Becca kissed me again, this time on the mouth, and said, “Of course you will.”
Upstairs, Mom was asleep, so I sat in the chair in the corner of her room and read for an hour until she woke up and asked, “Did Becca go home?”
“She did. Now, what the hell did you two talk about?”
With effort, Mom sat up in bed and coughed for half a minute before saying, “We talked about you, and Rome, and the past.”
“You didn’t bring up—”
“No, Marcus, that’s between the two of you. We talked about my past, and my mistakes, and then I asked her about her intentions with my son.”

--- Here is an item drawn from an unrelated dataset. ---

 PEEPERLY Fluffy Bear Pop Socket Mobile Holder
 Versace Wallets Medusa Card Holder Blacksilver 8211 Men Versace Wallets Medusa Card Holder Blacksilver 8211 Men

“Oh, God, tell me you didn’t,” I said, rubbing my temples.
“I did,” my mother said. “You’ll be alone soon, with no one to look after you, and—”
“Mom, I’m forty years old. I can look after myself.”
“I was forty-three when we moved back to Rome. You’re never too old to screw up, son.”
“Fair enough.”
“Now, I’ve spoken to Rebecca, so why don’t you tell me your intentions with her?”
“Because that would be awkward.”
Mom glared at me until I said, “Fine. I didn’t come home with any intentions. When you called and said you were dying, I figured I’d come home, help out as best I could for a few months, then sell your house and move back to Jamaica until that money ran out too.”